On completion of the module the students will:

• Know how to display data in figures such as pie-charts, bar charts, and histograms.
• Understand the purpose of measures of central tendency, dispersion, and association and be able to calculate them.
• Understand the concept of a probability distribution and have a basic understanding of the meaning and use of the following distributions: normal, t, F, chi-squared;
• Know the meaning of a sample and be able to calculate and draw inferences from sample statistics.
• Have an understanding of time-series data.
• Understand the principles of estimation: bias and efficiency
• Be able to produce and test hypotheses.
• Understand the idea of correlation.
• Be able to interpret output from spreadsheets and other computer packages.

#### Brief description

Statistical analysis is an important part of the economist's toolkit and this module looks at introductory ideas.
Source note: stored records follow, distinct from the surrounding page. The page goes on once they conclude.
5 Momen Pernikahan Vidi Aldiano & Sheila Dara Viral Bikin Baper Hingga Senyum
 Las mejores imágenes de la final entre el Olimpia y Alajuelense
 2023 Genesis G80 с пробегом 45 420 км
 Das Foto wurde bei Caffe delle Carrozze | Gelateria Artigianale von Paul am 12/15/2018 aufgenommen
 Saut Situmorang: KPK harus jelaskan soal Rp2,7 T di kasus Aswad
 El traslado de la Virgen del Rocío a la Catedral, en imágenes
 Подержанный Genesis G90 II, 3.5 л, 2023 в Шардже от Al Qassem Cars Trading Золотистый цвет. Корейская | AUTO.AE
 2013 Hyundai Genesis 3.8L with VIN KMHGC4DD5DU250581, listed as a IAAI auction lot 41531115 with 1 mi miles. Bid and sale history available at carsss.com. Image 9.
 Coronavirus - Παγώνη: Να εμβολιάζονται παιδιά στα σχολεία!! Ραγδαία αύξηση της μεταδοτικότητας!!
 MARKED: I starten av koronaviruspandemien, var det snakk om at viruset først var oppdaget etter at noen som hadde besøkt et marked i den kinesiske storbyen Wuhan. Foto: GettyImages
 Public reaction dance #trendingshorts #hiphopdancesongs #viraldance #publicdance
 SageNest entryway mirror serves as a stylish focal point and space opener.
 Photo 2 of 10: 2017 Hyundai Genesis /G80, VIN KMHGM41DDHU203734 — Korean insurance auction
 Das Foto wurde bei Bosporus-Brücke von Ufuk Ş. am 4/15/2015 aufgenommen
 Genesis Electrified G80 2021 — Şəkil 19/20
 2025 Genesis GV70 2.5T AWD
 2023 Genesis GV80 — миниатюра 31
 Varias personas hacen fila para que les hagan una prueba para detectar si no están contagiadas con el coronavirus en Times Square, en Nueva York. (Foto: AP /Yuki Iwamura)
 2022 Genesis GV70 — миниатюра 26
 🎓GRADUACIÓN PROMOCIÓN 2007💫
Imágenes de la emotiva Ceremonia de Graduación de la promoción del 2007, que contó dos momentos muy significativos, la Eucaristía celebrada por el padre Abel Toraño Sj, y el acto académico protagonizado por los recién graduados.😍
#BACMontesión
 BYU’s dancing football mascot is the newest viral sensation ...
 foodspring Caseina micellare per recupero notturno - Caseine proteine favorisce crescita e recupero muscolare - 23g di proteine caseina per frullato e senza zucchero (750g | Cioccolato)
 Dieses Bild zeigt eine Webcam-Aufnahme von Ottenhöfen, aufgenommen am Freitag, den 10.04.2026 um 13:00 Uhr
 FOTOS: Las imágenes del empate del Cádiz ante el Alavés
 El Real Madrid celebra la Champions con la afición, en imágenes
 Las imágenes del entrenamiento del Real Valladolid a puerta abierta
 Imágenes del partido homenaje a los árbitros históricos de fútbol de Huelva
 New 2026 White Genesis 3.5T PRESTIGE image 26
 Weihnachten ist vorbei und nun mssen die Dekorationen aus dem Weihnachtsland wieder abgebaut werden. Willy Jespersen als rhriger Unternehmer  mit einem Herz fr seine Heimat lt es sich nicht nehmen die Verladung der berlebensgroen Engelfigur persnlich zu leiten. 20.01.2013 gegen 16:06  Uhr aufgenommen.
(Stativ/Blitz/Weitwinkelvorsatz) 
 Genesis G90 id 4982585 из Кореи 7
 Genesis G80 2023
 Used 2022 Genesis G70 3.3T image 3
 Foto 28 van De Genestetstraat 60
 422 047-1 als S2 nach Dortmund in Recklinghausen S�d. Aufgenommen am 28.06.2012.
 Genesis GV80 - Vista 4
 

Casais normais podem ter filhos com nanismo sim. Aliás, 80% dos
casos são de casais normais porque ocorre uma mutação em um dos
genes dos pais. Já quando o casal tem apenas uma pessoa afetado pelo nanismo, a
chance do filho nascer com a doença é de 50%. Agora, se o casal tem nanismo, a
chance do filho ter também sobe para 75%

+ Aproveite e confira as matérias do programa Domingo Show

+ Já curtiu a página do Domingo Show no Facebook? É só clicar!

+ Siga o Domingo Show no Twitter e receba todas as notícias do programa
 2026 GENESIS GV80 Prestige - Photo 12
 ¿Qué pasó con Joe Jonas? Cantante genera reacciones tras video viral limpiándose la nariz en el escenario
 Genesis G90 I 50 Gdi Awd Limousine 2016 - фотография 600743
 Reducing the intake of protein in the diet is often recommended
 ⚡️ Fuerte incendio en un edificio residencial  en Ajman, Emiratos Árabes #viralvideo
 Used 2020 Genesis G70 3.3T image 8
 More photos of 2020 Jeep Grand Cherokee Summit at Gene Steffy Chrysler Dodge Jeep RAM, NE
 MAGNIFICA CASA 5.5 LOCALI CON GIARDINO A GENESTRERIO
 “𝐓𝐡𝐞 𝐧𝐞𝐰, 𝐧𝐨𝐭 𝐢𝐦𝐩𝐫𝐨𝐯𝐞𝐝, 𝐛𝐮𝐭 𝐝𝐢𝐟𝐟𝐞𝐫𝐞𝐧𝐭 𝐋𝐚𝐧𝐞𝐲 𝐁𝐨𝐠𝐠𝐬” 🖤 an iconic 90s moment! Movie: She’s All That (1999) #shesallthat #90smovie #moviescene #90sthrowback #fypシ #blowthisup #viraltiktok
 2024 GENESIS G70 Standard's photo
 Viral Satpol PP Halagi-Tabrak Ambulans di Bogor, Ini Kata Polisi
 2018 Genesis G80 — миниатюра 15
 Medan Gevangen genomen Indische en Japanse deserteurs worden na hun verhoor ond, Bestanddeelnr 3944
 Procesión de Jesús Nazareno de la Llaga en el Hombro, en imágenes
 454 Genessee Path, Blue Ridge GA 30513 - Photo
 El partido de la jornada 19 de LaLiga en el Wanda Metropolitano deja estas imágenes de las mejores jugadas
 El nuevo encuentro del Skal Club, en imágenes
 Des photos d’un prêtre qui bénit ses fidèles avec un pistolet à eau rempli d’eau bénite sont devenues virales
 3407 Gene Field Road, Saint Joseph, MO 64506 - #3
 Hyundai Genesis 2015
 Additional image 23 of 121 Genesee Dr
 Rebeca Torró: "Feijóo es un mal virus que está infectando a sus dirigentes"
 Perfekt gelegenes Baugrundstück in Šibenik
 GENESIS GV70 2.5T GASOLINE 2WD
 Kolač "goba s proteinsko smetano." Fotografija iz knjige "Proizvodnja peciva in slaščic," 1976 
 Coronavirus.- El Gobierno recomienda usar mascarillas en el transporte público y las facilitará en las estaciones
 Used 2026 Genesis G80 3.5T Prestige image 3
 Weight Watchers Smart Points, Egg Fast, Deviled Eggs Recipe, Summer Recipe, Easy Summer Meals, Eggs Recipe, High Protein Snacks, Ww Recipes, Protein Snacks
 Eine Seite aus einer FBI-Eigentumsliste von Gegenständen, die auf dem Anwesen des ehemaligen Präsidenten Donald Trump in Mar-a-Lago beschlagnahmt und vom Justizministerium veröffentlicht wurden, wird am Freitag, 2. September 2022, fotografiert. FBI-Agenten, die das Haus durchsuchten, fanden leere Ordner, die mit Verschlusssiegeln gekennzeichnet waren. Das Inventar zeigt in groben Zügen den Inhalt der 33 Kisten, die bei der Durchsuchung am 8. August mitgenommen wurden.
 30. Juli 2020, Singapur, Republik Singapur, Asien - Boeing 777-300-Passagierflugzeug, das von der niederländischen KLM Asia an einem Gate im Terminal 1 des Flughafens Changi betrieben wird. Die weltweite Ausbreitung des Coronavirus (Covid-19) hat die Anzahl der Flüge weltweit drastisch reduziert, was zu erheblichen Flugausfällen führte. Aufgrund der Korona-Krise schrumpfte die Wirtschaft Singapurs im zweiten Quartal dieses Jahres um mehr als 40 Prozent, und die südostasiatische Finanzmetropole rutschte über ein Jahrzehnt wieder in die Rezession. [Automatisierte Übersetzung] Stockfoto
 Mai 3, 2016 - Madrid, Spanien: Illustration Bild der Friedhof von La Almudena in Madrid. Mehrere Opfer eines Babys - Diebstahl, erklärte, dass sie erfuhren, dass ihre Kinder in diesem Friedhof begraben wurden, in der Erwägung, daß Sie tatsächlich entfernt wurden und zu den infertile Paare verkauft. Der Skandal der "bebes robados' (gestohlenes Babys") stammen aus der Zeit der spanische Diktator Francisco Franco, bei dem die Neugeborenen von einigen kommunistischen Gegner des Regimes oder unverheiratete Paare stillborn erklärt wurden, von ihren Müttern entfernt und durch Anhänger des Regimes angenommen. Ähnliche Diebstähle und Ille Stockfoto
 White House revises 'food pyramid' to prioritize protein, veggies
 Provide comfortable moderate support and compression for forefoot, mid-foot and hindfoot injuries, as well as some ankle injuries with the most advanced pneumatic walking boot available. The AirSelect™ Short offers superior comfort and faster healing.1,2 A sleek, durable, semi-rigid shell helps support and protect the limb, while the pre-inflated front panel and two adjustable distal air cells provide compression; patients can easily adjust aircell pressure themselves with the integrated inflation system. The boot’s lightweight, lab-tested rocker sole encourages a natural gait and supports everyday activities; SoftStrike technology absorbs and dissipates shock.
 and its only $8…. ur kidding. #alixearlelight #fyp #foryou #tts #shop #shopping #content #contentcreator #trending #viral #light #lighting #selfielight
No previous knowledge of the subject is assumed.

#### Aims

To give students an introduction to descriptive and inferential statistics and to help them understand the purpose and meaning of statistics. The module is designed to make students familiar with the various statistics used in economics and will give them a preliminary introduction to statistical computer programs including spreadsheets.

#### Content

1. DESCRIPTIVE STATISTICS. Diagrammatic representations of data. Averaging. Measuring spread. Weighted averages.
2. PROBABILITY. Basic ideas. Addition and multiplication rules. Tree diagrams. Success/Fail experiments. Binomial distributions. Normal distribution.
3. STATISTICAL SIGNIFICANCE. Idea of significance. Tests concerning means. Tests concerning variance. Comparisons. Goodness of fit; contingency tables.
4. RELATIONSHIPS. Scatter diagrams, correlation and lines of best fit. Dependent and independent variables. Variation over time.